Or structurer ces données (toutes les données !), les articuler autour d’autorités qui en assureront la cohérence, les exploiter, les visualiser, tout cela réclame de nouveaux savoir-faire que commencent à aborder les experts du RDA et de FRBR. Ces savoir-faire sont également appelés à se développer dans quatre domaines au moins :

  • Evidemment les acteurs des gigantesques réservoirs de données de bibliothèques : l’ABES, OCLC, la BnF, etc.
  • Le domaine de la publication de la recherche, qui demande un accompagnement des chercheurs pour assurer une telle structuration (nettoyage des données, accordement avec des autorités, etc.)  : Olivier Le Deuff en a fait un projet qui réclame d’associer bibliothécaires et chercheurs, Hubic. Parallèlement, l’exploitation ultérieure des données de la recherche est un champ important de développement d’outils, de techniques, voire de concepts, comme on le devine à travers les « Humanités numériques » émergentes et protéiformes. N’est-ce pas ce type de profil que désigne ce nouveau type de profil d’emploi, data librarian ou bibliothécaire de données ?
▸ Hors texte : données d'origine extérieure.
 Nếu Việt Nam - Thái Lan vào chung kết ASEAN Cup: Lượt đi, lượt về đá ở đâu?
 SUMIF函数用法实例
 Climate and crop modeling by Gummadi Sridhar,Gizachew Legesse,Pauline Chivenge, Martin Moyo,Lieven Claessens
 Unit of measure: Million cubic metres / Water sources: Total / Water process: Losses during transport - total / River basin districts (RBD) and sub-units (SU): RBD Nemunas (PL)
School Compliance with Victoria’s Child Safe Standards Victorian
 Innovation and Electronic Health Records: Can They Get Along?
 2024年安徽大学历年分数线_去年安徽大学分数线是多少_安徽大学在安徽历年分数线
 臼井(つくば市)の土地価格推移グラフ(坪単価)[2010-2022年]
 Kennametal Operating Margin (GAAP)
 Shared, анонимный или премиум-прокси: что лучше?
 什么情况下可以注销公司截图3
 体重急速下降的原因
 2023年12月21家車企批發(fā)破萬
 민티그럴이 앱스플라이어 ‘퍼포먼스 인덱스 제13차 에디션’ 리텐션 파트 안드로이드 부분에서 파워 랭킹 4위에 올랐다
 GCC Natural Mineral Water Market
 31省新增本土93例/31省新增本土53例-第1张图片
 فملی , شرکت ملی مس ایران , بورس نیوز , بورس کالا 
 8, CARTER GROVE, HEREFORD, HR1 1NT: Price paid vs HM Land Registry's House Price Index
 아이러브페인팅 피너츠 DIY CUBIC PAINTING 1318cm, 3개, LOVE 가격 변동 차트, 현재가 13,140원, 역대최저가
  • Les industries ou agences de l’information (des moteurs de recherche aux réseaux sociaux, en passant par tous les organismes publics appelés à traiter des données statistiques – notamment –  de multiples origines) sont également friandes des experts en nettoyage et structuration de données, et les plus grandes écoles du monde en sciences de l’information (réunies dans le réseau iSchool ) savent désormais que leurs diplômés doivent élargir leur profil au-delà des bibliothèques et de la documentation, et l’affirment sans ambages : désormais, elles forment des « data scientists » !
  • Enfin les équipes bibliographiques des établissements ayant mission en ce sens, compte tenu du caractère rare ou singulier de leurs collections : les catalogueurs vont devoir affronter un singulier changement de méthodes, mais aussi de périmètre !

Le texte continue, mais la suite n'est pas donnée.